━━ RECORDS SUPPLIED

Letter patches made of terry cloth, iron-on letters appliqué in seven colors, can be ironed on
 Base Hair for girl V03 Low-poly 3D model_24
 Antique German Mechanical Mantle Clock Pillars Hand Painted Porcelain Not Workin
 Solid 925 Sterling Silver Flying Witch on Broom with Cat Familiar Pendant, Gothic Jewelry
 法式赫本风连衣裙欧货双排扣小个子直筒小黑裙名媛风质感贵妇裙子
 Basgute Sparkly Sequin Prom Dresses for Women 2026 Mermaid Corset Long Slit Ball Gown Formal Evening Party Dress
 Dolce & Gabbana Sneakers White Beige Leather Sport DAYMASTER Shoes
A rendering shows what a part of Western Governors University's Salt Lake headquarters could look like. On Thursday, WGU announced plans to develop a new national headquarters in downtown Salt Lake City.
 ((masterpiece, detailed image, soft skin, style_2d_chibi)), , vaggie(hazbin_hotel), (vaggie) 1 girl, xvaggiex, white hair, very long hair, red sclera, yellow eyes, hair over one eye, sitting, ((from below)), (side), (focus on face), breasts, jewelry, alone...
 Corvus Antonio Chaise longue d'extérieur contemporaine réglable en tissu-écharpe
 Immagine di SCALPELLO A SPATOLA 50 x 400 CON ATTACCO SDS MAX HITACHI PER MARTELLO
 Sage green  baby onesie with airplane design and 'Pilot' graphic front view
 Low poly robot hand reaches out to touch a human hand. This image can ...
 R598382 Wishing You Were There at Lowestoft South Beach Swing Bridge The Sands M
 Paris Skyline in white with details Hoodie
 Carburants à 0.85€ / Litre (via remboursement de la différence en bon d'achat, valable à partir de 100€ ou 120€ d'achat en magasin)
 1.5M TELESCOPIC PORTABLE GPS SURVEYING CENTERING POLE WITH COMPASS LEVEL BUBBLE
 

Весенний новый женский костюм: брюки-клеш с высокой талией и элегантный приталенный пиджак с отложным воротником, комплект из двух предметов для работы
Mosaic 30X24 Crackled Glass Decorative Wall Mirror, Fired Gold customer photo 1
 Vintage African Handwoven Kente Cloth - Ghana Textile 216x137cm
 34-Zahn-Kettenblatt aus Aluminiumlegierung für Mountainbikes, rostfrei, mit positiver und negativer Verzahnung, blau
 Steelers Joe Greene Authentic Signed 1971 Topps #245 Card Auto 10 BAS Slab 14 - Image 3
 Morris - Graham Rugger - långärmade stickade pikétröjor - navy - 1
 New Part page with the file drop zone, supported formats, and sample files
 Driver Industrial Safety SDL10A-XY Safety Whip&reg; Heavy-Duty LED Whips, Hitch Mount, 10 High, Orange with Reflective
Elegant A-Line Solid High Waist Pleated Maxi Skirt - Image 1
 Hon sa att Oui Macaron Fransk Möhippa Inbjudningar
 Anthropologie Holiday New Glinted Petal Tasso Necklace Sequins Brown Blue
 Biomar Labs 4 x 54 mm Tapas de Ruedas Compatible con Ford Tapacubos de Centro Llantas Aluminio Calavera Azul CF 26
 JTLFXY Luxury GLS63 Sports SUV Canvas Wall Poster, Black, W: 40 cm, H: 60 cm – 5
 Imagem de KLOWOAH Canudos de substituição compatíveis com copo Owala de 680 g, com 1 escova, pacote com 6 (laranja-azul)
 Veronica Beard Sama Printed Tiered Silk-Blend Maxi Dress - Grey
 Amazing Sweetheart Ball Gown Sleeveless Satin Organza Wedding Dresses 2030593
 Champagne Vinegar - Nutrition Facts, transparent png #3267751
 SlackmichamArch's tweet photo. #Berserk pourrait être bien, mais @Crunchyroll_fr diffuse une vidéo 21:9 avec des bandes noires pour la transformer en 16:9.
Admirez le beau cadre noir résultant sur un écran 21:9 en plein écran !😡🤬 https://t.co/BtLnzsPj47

━━━━

◆ PROBLEM DESCRIPTION
For the string "photo", go through the entries above and copy each line where it occurs.

◆ TASK OUTPUT
Mosaic 30X24 Crackled Glass Decorative Wall Mirror, Fired Gold customer photo 1
 SlackmichamArch's tweet photo. #Berserk pourrait être bien, mais @Crunchyroll_fr diffuse une vidéo 21:9 avec des bandes noires pour la transformer en 16:9.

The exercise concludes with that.